Media Without Borders

#Transmedia: Using the whole toolbox for storytelling

During the last 20 years or so, there has been a cultural sea change in how media makers are using technology and the directions in which audiences are using media. And this has had a profound effect on everything from major feature films to TV series, commercials, education, and the distribution of information. And yet, while all this radical technological and social change is going on in almost every form of entertainment and marketing media, it still, as it has for thousands of years, comes down to one fundamental element: story.

Technology is not a motivator when it comes to media creation, but it can inspire creativity with its enticing tool sets, as users ask, What can I do with this? In the last decades of the 20th century, a whole new toolbox became available to content creators. Computer graphics, personal computers, and the Internet revolutionized the world of media at every level. Consumers went from getting their media entertainment and information through one of a handful of delivery systems –- such as television, cinema, radio, print, or live performance – to a vast river of them.
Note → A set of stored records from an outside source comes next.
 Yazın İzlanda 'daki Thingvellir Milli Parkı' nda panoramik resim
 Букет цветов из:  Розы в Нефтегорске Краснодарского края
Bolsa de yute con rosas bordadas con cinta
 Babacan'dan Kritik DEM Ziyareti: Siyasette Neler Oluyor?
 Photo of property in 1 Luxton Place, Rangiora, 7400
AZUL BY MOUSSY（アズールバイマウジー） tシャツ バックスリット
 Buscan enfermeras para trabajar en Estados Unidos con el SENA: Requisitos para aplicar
At the heart of these changes – in games, movies, TV shows, social media experiences, and more – is the emergence of new forms of storytelling. A large and growing part of the audience is no longer content to simply sit and watch. They want something more. Something interactive. Something demanding. In a way, transmedia is a natural consequence of the endless joys of surfing the Web and playing online games. Now you have something to search for, to track down, and, best of all, via the fan interaction points of contact, in transmedia you have something in which you can actively participate, a community you belong to.

Designed for the modern world, transmedia continues to offer storytelling’s ancient primary purpose: to bind communities in a common history through the bright new world of multiple media delivery platforms. 
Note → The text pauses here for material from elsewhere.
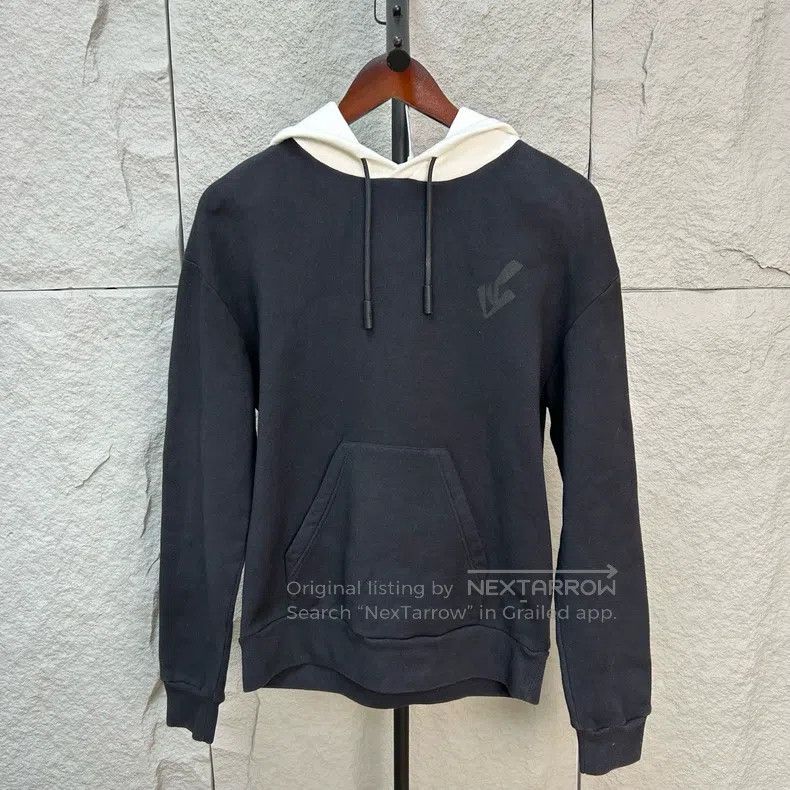 Louis Vuitton Louis Vuitton 2054 Black and white color-block hooded swea Size US XS / EU 42 / 0 - 1 Thumbnail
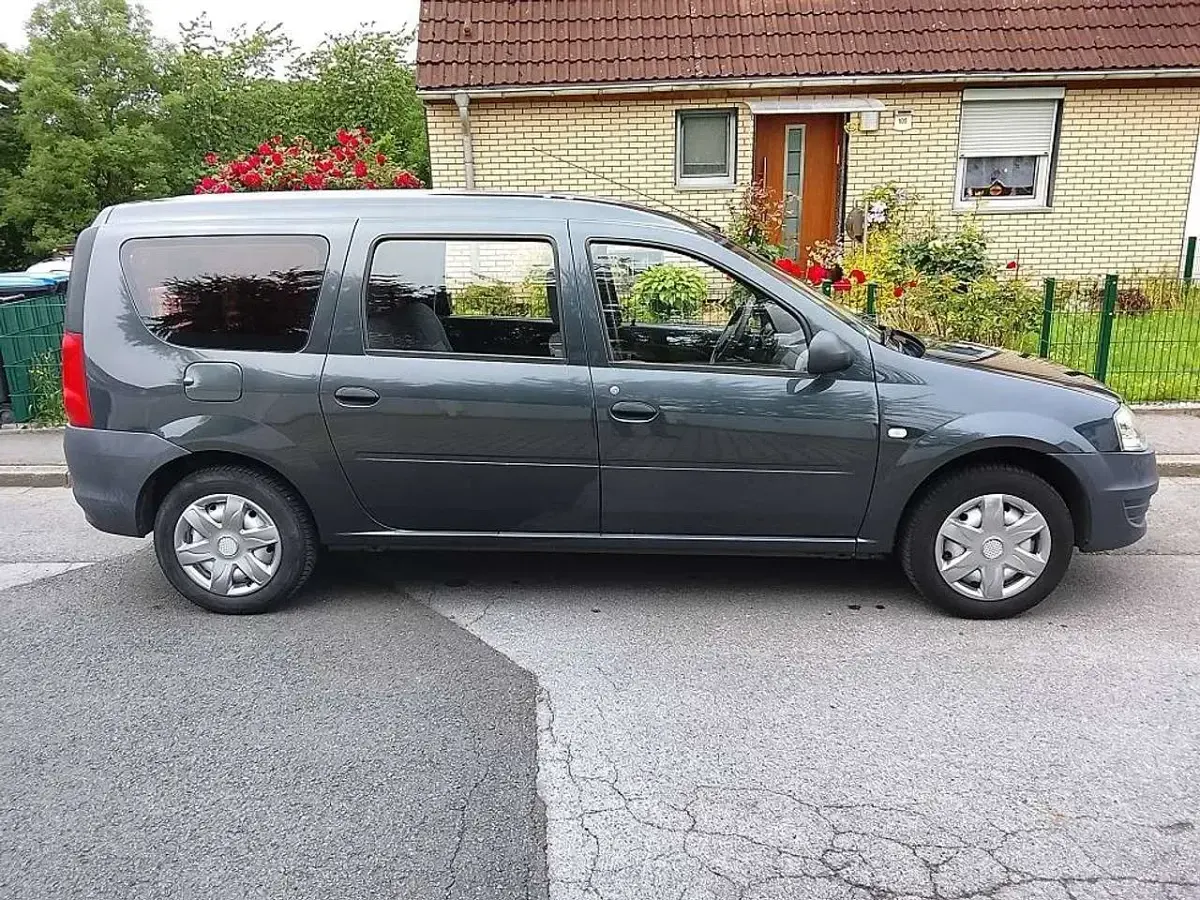 Gebraucht Dacia Logan MCV 75 PS (55 kW) 2009 Grau Kombi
World building, creating story worlds, MMO games, and now virtual-reality display systems are all appealing to the audience’s burgeoning desire to immerse itself in media experiences. Games instigated this change and have played a major role in evolving media, especially in the way we receive it. They have done the “donkey work” to drive the programming and hardware developments of the past 20 years in terms of media creation and distribution. Games have been, and still are, a powerful force in the growth and improvement of the Internet. 

Professor Henry Jenkins of the University of Southern California was among the first to use the term “transmedia” in articles and, later, in his book titled Convergence Culture (2006), though his colleague at USC, Marsha Kinder, originally coined the word in 1991. Jenkins provides a comprehensive, academically phrased definition of the concept: “Transmedia storytelling represents a process where integral elements of a fiction get dispersed systematically across multiple delivery channels for the purpose of creating a unified and coordinated entertainment experience. Ideally, each medium makes its own unique contribution to the unfolding of the story.”
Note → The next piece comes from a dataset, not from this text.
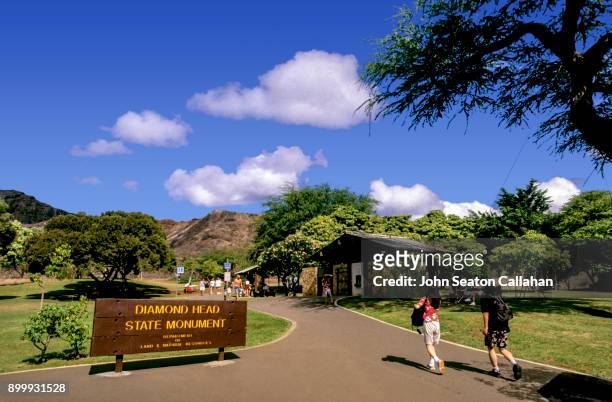 diamond head state monument - diamond head stock pictures, royalty-free photos & images
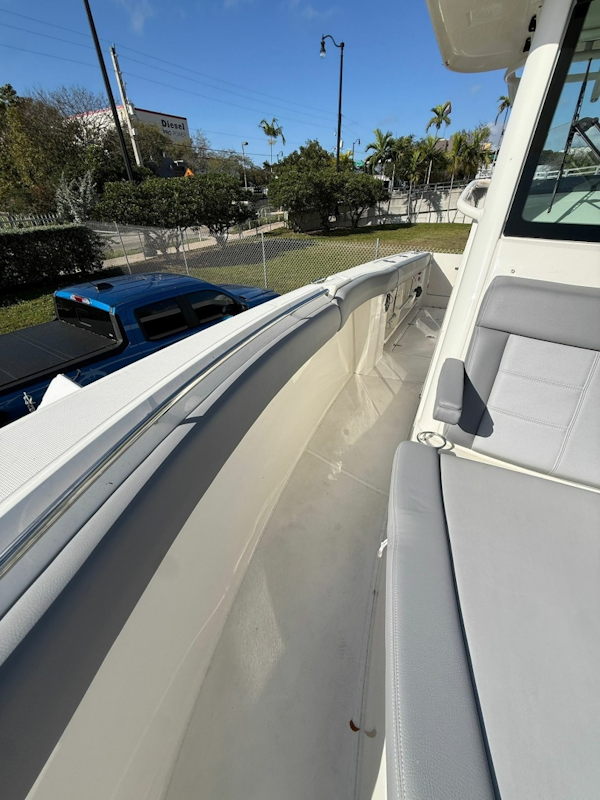 Boston Whaler 2023 -Miami Beach-Florida-United States-6063888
There are two fundamental models of transmedia production. The first is known as the “mothership model,” which is the marketing tool version. The second is a community entertainment approach I call the “circus model” (more on this later).

The Mothership Model

Jenkins has used the term “mothership” as a metaphor for a product, movie, TV series, game, or brand that is at the heart of the assembled fleet of additional alternative media, though his particular focus was on how this model works in contemporary Hollywood. This central product is the one at the heart of the transmedia project – it is the one that will make the money and drive the transmedia campaign.

Anrick Bregman is a transmedia professional at Unit9 in London, working on a variety of output for marketing clients. The company specializes in mothership model transmedia projects. “Brands nowadays are probably the biggest sponsors of content on the Web. Advertising creatives look at the same stuff online that you or I, or anyone, looks at, and they go, ‘That’s cool. I could use that in a pitch.’ So I get more and more briefs that are trans-media related, where they say the content goes here and it also goes there.”

Bregman points to last year’s Chipotle campaign in the US, lauded as very successful by many transmedia blogs.

“They did what is considered to be a very successful transmedia campaign, in the sense that they had a game, which was an app, and they had a TV ad, and then they had a website experience,” he says. “All of them lived in the same world –
they made a 3D animated world, not that dissimilar to the LloydsTSB campaign on TV here [in the UK]. That world they built lived on three different media, so that’s technically transmedia.”

In transmedia, as in games, “immersive” is a key word. The audience wants to be immersed in the story world being presented. One studio created Twitter accounts for all the characters of a film – long before people knew who they were. It piqued interest and elicited social media responses and questions.

In another somewhat darker example, indie artist and VR news pioneer Nonny de la Pena, senior research fellow at the USC, made a version of Guantanamo Bay in Second Life, where avatars could experience life as a prisoner there. “It was a very powerful way of using a tool that wasn’t designed for that purpose, to give you a message about something you might have read in the news. It’s an article in a newspaper, but it’s an experience in Second Life,” says Bregman. 

In a mothership transmedia campaign, there is a quasi--entertainment connection with audience participation, but it is essentially a marketing exercise seeking ways to engage with potential consumers of the product. All of it is an extension, rather than a mere reflection, of the central product.

There is a particularly good and renowned example of this, though it was something of a miscarriage inasmuch as the transmedia experience far outshone the mothership: the Ridley Scott movie Prometheus and its transmedia campaign in 2012. It involved the website (www.weylandindustries.com) of an invented corporation called Weyland Industries, a company that dominates the economy and social life of the film’s story world. 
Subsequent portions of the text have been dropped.